Stored entries:
══════════════════════════════
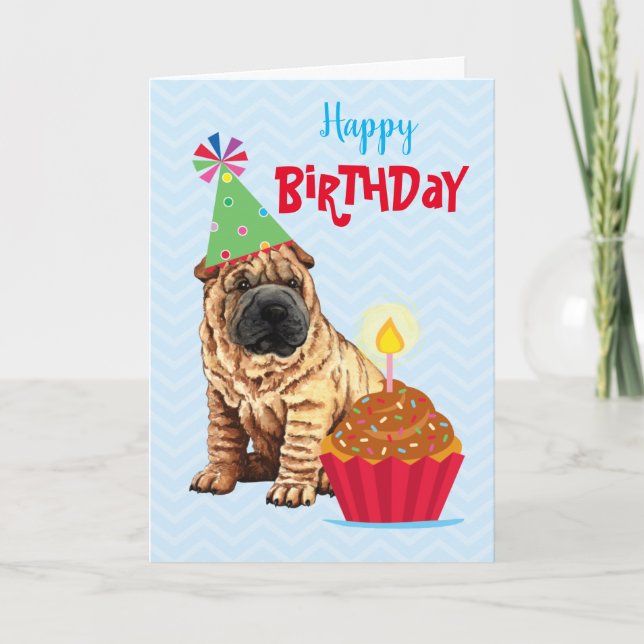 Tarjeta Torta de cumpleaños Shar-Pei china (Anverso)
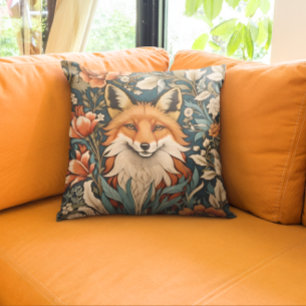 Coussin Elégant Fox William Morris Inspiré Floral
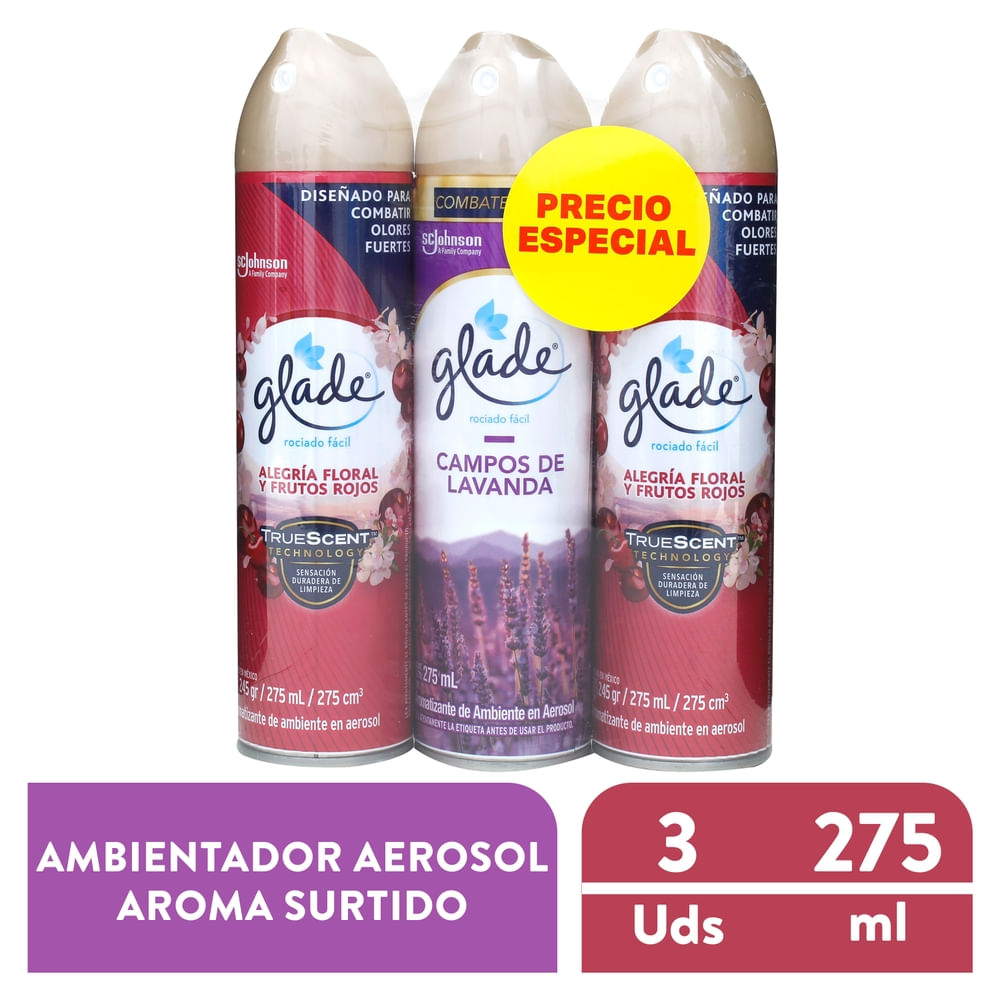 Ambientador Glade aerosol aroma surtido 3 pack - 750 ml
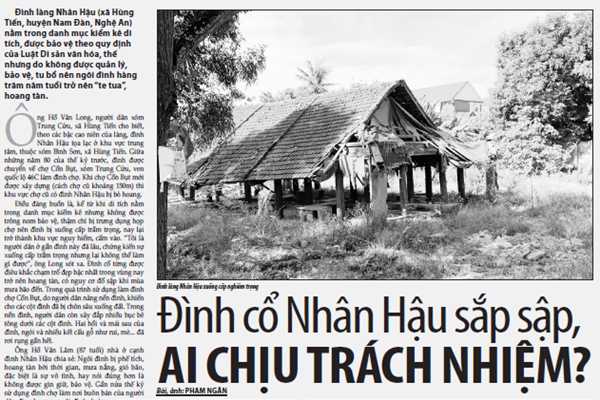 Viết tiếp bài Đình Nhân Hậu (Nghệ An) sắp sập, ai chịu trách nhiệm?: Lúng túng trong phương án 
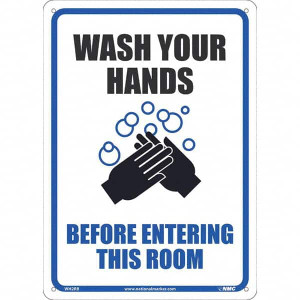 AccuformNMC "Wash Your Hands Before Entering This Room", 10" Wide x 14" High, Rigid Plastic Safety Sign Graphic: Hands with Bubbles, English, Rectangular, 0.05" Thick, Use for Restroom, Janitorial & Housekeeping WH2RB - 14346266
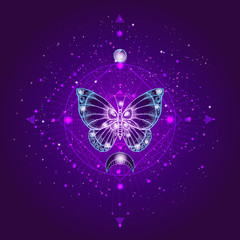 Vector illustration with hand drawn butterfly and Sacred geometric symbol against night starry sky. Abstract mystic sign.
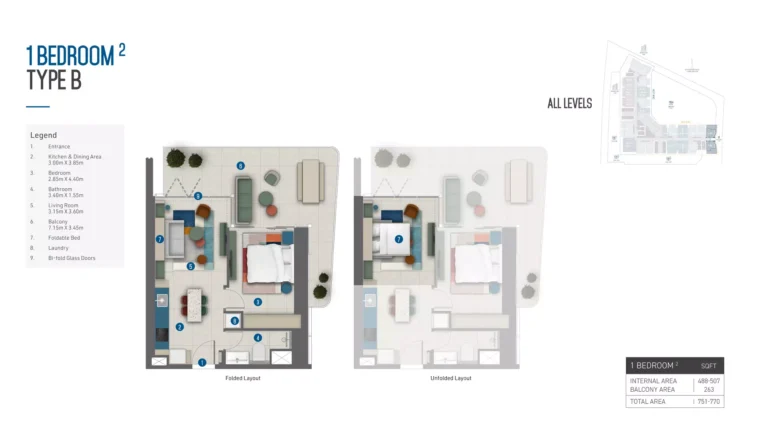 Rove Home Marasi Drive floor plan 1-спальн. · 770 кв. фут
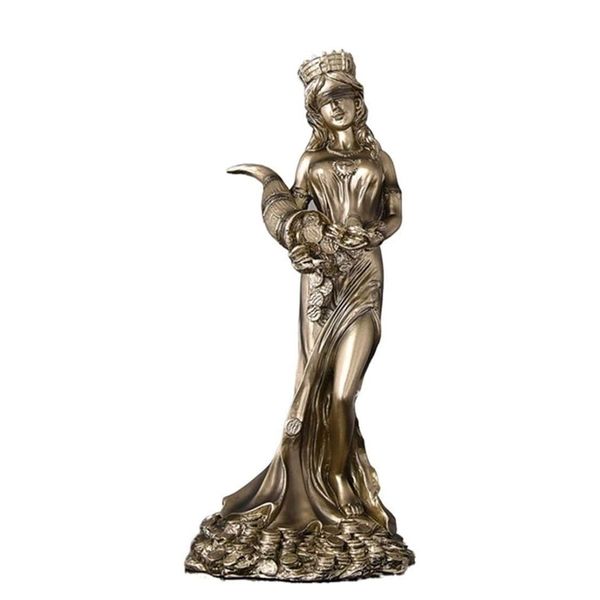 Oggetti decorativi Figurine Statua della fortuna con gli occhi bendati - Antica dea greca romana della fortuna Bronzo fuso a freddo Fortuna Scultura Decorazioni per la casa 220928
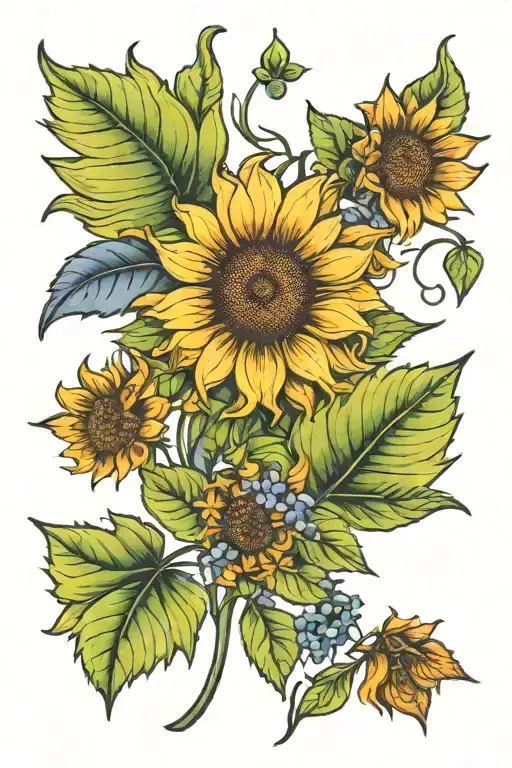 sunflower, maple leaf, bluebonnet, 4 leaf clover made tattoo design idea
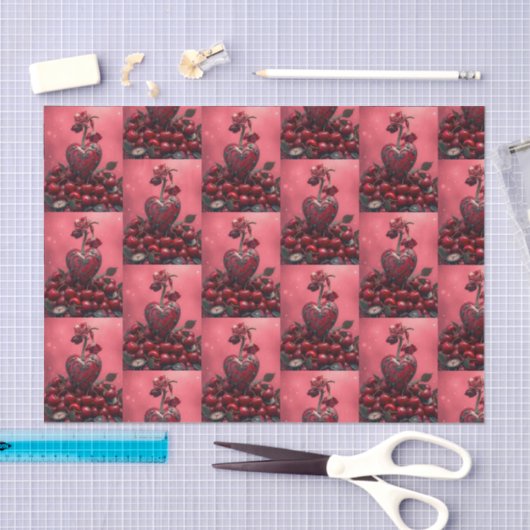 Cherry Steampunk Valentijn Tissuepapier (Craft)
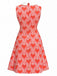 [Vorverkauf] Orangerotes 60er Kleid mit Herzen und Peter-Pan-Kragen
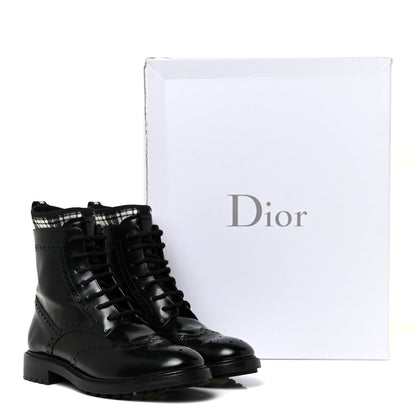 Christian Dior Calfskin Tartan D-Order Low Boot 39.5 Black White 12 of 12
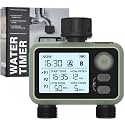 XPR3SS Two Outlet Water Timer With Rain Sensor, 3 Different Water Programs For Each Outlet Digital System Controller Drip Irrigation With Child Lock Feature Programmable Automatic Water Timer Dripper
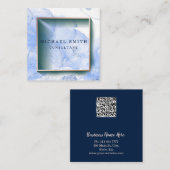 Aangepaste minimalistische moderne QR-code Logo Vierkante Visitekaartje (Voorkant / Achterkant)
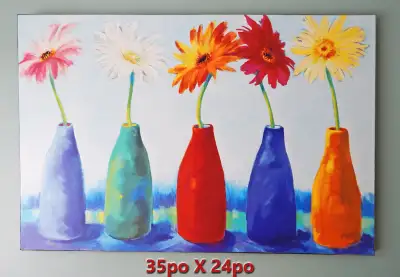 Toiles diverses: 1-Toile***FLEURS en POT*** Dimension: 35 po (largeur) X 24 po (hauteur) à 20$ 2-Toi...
══════════════════════════════
What you should do ▸
With the pictures removed from your copy, retype the lines above from the one that contains "WH2RB - 14346266" through the one that contains "XPR3SS Two Outlet", exactly.

Answer section ▸
 AccuformNMC "Wash Your Hands Before Entering This Room", 10" Wide x 14" High, Rigid Plastic Safety Sign Graphic: Hands with Bubbles, English, Rectangular, 0.05" Thick, Use for Restroom, Janitorial & Housekeeping WH2RB - 14346266
 Vector illustration with hand drawn butterfly and Sacred geometric symbol against night starry sky. Abstract mystic sign.
 Rove Home Marasi Drive floor plan 1-спальн. · 770 кв. фут
 Oggetti decorativi Figurine Statua della fortuna con gli occhi bendati - Antica dea greca romana della fortuna Bronzo fuso a freddo Fortuna Scultura Decorazioni per la casa 220928
 sunflower, maple leaf, bluebonnet, 4 leaf clover made tattoo design idea
 Cherry Steampunk Valentijn Tissuepapier (Craft)
 [Vorverkauf] Orangerotes 60er Kleid mit Herzen und Peter-Pan-Kragen
 Christian Dior Calfskin Tartan D-Order Low Boot 39.5 Black White 12 of 12
 XPR3SS Two Outlet Water Timer With Rain Sensor, 3 Different Water Programs For Each Outlet Digital System Controller Drip Irrigation With Child Lock Feature Programmable Automatic Water Timer Dripper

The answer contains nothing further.